Remember the 80's, decade of big hair, big hair bands, bad rock power ballads, and big hair. Sure there really wasn't a lot to look forward to back then, we we strived on. The 80's were also the heart of the "Corey" movement. Corey Haim and Corey Feldman, two "actors" that had minimal success apart, but were gangbusters together. It's a shame that both Coreys weren't in this, I guess. Anyway, this is Haim in a future where the Japanese have bought almost everything, except the monopoly on bad hair. Corey and his little bro live on the streets and deliver pizza, except when they are rollerblading, as most homeless do to pass the time. Well there is a gang out there making some drug that looks like a candy instead of a narcotic. Also Black Ceaser's father stars as a guy that gets beaten often, cause that's what kids do. Oh, this drug has a side effect. It makes your noodle wet and you can't have kids. And there's lots of bad fashion and bad, bad hair. Corey went through around 5000 bottles of activator, and that was just to drink.
AHH I JUST DIED IN YOUR HAIR TONIGHT!
Bowleg> Corey Haim in a role that will Feldman you.
Bowleg> dated beyond belief.
THX-1138> Basically Gleaming the Cube then
Bowleg> SEE! Corey Haim's brother ingest weird glowing drugs!
Bowleg> SEE! Corey Haim ravaged by real-life drug abuse!
Bowleg> SEE! An Arquette being an Arquette!
Bowleg> SEE! Annoying kids!
Bowleg> THRILL! To the Beverly Hills Guy
Ironf> So now the Japanese bottoms own the world
THX-1138> Nice Stay Puft marshmallow man hat
Ironf> That was Corey in his real life clothing
Bowleg> The day of Hitchcock's seemingly one-take movie is coming?
THX-1138> Shot on location with the men and women of Pacific Blue
Bowleg> Ladies and gentlemen, Roc.
Ironf> This role was made for Tiny Lister.......too bad he didn't get a call back for it
THX-1138> See Patricia Arquette smile and show off her crooked tooth.
Bowleg> And now, bad rock.
Ironf> Barber Shop Quartet members of the Fuuutuuure!
monkeyfingers> dangit the crack house is on fire
Ironf> ummm the house jumped right out in-front of me officer. really
Bowleg> but first, a bit of gay erotica.
THX-1138> Hard to believe Fox is picking this up as a series
THX-1138> The cast of Starlight Express!
THX-1138> Captain Eo on skates!
Bowleg> This is sort of like the Seven Samurai only with gay teens. and it's not good.

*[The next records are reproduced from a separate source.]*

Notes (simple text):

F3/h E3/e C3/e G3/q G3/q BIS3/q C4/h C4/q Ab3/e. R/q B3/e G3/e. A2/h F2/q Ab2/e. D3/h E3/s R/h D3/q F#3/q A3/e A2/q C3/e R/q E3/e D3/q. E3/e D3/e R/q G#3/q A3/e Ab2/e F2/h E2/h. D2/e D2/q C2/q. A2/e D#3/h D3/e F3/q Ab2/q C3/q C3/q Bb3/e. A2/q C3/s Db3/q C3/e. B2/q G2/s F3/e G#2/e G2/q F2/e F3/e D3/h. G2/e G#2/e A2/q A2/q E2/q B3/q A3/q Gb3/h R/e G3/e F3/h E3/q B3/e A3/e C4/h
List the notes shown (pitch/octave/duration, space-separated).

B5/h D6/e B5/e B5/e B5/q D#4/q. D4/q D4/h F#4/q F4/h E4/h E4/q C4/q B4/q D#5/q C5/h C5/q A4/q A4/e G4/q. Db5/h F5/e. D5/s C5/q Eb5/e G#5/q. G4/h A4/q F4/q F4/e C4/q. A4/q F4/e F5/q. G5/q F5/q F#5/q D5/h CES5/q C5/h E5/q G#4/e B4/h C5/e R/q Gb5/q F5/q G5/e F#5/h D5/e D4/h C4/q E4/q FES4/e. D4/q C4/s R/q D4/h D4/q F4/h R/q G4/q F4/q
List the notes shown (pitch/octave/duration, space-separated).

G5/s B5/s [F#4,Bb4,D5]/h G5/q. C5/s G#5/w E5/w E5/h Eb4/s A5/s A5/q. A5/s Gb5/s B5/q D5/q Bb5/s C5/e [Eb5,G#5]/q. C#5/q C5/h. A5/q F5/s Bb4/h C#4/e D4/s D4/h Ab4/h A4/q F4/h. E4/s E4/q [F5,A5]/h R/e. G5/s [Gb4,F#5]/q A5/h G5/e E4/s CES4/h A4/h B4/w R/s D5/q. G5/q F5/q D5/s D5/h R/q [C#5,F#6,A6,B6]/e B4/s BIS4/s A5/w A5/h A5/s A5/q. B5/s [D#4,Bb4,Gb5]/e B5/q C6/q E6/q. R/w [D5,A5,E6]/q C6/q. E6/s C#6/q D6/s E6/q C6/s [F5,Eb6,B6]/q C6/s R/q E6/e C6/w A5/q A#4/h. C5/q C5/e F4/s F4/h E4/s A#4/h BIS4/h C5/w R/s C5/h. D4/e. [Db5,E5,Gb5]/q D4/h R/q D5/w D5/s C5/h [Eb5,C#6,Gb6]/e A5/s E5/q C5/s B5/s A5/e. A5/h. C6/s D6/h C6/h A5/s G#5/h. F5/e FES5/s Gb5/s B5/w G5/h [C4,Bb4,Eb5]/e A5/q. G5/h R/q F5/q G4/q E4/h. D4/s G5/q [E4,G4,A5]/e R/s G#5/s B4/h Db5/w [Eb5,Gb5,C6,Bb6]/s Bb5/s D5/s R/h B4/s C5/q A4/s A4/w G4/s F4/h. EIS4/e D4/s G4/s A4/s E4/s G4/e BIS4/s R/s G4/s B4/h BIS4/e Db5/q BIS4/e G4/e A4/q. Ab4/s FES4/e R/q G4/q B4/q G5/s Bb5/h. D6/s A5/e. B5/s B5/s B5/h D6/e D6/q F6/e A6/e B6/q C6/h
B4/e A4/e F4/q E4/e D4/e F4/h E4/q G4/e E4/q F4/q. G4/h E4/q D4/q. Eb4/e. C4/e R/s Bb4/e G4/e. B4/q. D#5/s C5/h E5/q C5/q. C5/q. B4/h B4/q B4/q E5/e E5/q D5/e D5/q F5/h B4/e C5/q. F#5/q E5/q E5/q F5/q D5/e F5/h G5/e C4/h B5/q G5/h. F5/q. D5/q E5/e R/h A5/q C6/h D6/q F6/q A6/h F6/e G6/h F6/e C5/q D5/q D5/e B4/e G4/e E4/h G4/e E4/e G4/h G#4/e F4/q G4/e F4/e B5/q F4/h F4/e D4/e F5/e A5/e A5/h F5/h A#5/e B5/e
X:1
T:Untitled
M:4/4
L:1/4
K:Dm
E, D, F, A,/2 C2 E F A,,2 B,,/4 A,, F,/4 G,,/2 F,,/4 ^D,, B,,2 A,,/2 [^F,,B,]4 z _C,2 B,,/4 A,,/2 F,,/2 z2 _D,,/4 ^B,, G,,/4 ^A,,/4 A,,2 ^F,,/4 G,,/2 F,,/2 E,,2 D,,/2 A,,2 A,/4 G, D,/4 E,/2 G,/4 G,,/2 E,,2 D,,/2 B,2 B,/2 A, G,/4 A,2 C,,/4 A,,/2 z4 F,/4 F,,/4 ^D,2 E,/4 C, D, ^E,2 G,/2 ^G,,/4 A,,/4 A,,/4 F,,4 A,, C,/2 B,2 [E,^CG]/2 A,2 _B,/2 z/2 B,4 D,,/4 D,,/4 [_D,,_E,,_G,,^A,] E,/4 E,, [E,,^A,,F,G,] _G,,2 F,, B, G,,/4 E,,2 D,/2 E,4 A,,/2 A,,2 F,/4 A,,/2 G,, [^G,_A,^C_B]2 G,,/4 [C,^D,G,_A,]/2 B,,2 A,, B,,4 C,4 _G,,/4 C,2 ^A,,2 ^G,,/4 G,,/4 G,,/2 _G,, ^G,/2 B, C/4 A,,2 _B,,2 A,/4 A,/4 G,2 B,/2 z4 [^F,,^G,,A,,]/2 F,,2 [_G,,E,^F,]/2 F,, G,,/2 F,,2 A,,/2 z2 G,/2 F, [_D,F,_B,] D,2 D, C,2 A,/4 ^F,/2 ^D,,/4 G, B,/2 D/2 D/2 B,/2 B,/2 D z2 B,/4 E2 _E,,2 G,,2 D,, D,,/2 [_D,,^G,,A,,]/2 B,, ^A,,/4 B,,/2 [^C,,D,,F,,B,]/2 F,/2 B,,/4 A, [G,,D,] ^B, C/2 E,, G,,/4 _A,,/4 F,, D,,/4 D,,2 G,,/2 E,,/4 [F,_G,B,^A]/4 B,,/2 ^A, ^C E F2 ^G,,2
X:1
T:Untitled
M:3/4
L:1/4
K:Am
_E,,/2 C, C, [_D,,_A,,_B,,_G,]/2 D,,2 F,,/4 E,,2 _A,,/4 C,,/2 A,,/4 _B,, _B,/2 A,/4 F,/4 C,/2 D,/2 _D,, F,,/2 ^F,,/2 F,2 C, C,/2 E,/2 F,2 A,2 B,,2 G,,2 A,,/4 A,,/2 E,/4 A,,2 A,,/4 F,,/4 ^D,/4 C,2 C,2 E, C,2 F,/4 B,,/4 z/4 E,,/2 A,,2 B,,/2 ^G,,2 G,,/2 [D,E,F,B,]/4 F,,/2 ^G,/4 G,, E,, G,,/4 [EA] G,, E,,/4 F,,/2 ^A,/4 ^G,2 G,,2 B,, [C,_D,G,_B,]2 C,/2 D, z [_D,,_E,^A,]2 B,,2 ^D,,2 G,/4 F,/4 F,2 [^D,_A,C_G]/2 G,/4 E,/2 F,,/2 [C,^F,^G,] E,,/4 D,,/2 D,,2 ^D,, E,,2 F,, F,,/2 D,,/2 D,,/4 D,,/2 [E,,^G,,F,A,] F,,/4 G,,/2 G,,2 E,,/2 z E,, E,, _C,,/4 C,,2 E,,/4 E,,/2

Ironf> Scatman Crothers looks on
Ironf> so pedophilic incestous subtext
Ironf> This movie is full of PIS
Bowleg> You know, if I were 8 I might enjoy this movie.
Ironf> and it were still the 80's
Bowleg> ah, the archetypical "wizened old black man mentor"
Bowleg> Corey spends a full 4 hours a day on his hair. It's a medically proven fact.
THX-1138> It's EEEEELECTRIFYING!
Bowleg> NIN Lite
Bowleg> You know Trentie is ashamed of this.
THX-1138> I want to make love to you like a gerbil
Bowleg> I want to fuck you like a George Kennedy.
Djenk> Head Like a Haim, Corey's so Lame....
THX-1138> I never knew Corey could still get movie roles
Bowleg> Say, Corey. Lose the bandana.
THX-1138> The Rollerboys are the best damn stock traders! They've diversified dammit!
Ironf> Why are people paying so much money for those little wax bottles with colored sugar water in them?
Bowleg> kids love the green coloring, grownups love the brainkilling rush!
THX-1138> To be a Roolerboy, you have to have sex with Marky Mark and his prosthetic
Bowleg> Man, his hair pisses me off.
Bowleg> You're a gay boy in bondage now!
THX-1138> Damn! I'm missing part of shark week!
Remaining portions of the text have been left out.